Bis zum 27. Dezember 2022 müssen dann auch die bisherigen Vereinbarungen auf Grundlage der alten SCC durch eine Vereinbarung zum Wechsel auf die neuen SCC umgestellt werden. Dies kann recht aufwendige Projekte notwendig machen, da erst einmal verifiziert werden muss, wo bislang überall SCC geschlossen wurden.
Empfehlung:
Neben der Vorbereitung neuer Musterunterlagen und Bewertungsprozesse ist also auch eine Recherche der bestehenden SCC erforderlich, um diese abzulösen. Die entsprechenden Rolloutprojekte können genutzt werden, um die Verteidigungslinien in Bezug auf Drittlandtransfers noch einmal zu stärken und die erforderlichen Monitoringprozesse zu implementieren. Dies ist empfehlenswert, da die Aufsichtsbehörden gerade eine koordinierte Ermittlung gestartet haben, um hier die DSGVO-Vorgaben durchzusetzen („Koordinierte Prüfung internationaler Datentransfer“, 1.6.2021).

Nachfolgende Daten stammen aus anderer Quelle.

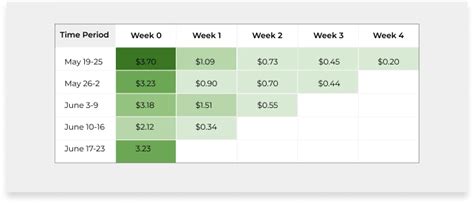 What Is Cohort Analysis Definition Types And Examples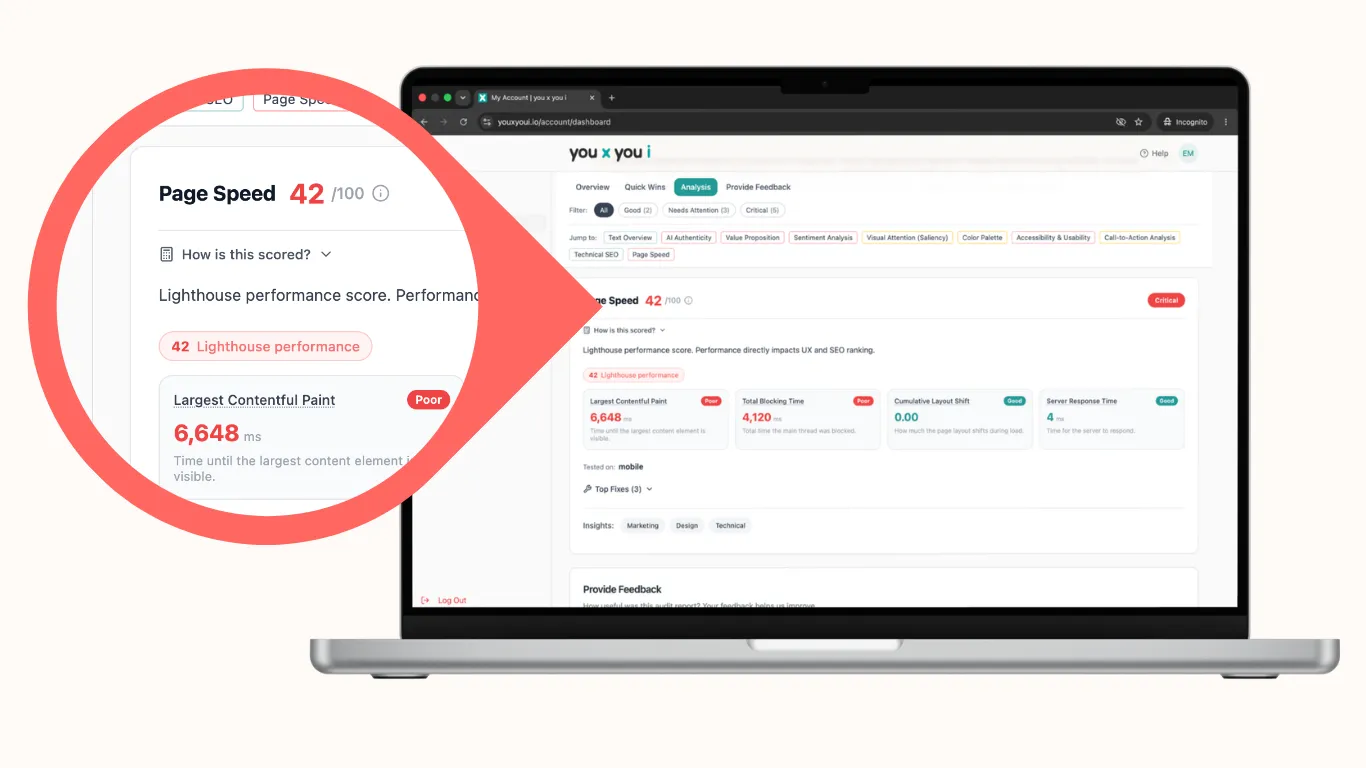 Test your speed with an audit from you x you i, and if it needs fixing, we'll tell you how. Test your speed with an audit from you x you i, and if it needs fixing, we'll tell you how.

Schließlich muss man den Überblick behalten in Bezug auf die verschiedenen Begrifflichkeiten. Die neuen SCC müssten nach den Vorgaben der DSGVO eigentlich Standard Data Protection Clauses (SDPC) heißen. Die EU-Kommission nennt sie weiter SCC. Und so nennt sie auch die Vertragsklauseln, die sie parallel als Mustervertrag für eine Auftragsverarbeitung nach Art. 28 Abs. 7 DSGVO veröffentlicht hat (Commission Implementing Decision (EU) 2021/915, 4 June 2021). Nur die sollen gemäß DSGVO wirklich so heißen, haben indes mit Drittlandtransfers nichts zu tun.
Fazit
Im Ergebnis sind die neuen SCC positiv zu bewerten. Mit ihnen gibt es wieder einen klaren Fahrplan zur Rechtfertigung von Drittlandtransfers. Werden die SCC ordnungsgemäß umgesetzt, folgt die Rechtfertigung des Datentransfers direkt aus Art. 46 Abs. 2 lit. c) DSGVO.

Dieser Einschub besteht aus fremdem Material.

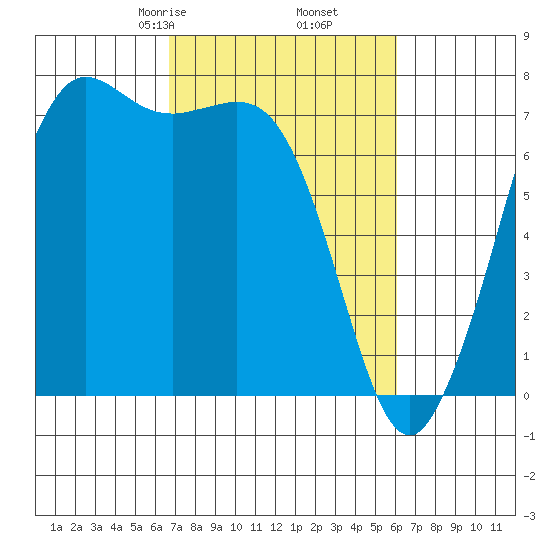 Sequim Bay tide chart for Wednesday, March 6, 2024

Risikofrei ist die Anwendung dabei für die Anwender nicht; sie verlangt ihnen zudem viel Aufwand ab. Insbesondere die Bewertung, ob die Regelungen zum angemessenen Schutz der Betroffenen faktisch eingehalten werden können, ist komplex. Angriffsflächen verbleiben hier zwangsläufig. Aber das ist typisch für das Datenschutzrecht. Die Rechtfertigung von Verarbeitungen jenseits eines Drittlandtransfers mit berechtigten Interessen kann ebenfalls angreifbar sein. Zudem könnten die SCC einen weiteren Hebel für Datenschutzklagen und massenhafte Privacy Litigation bringen. Denn die meisten Regelungen sind drittbegünstigend ausgestaltet und Betroffene haben das Recht, eine Kopie der Unterlagen anzufordern.

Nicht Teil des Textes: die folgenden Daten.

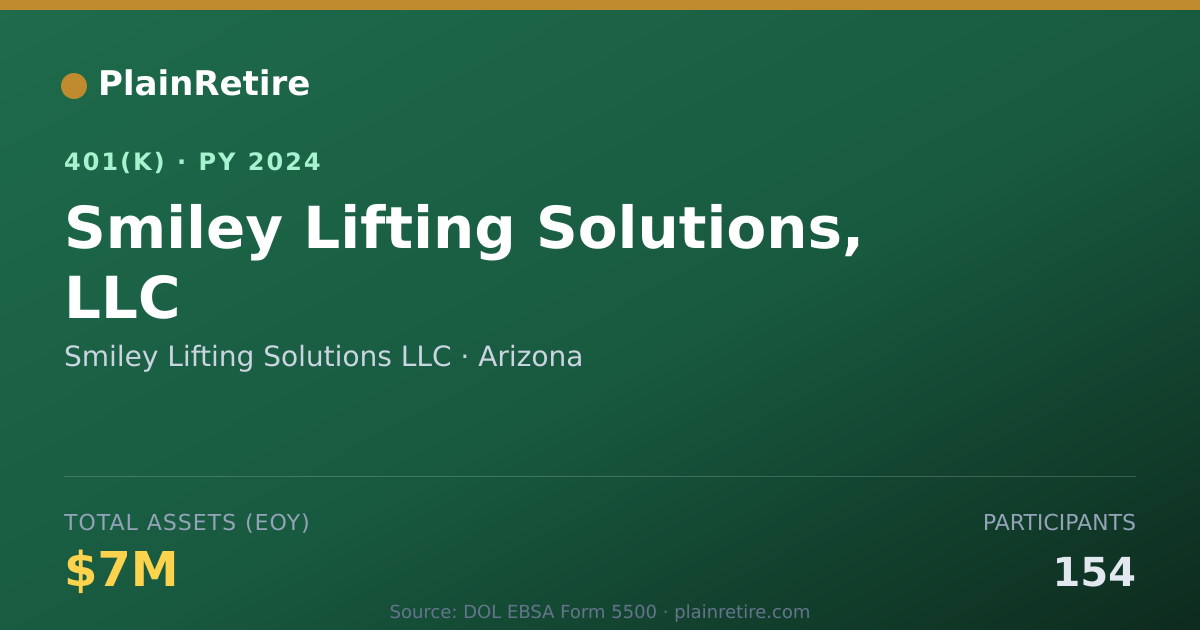 Shareable card for Smiley Lifting Solutions LLC 401(k) Plan (2024)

Entscheidend ist zur Risikosteuerung aus Anwendersicht, dass das TIA mit klaren und plausiblen Bewertungsparametern durchgeführt wird. In Verbindung mit der Einhaltung der Fristen zur Umsetzung und Überführung von Altverträgen bringen die neuen SCC dann durchaus wieder Verlässlichkeit in internationale Datenflüsse. Zumindest nach DSGVO-Maßstäben.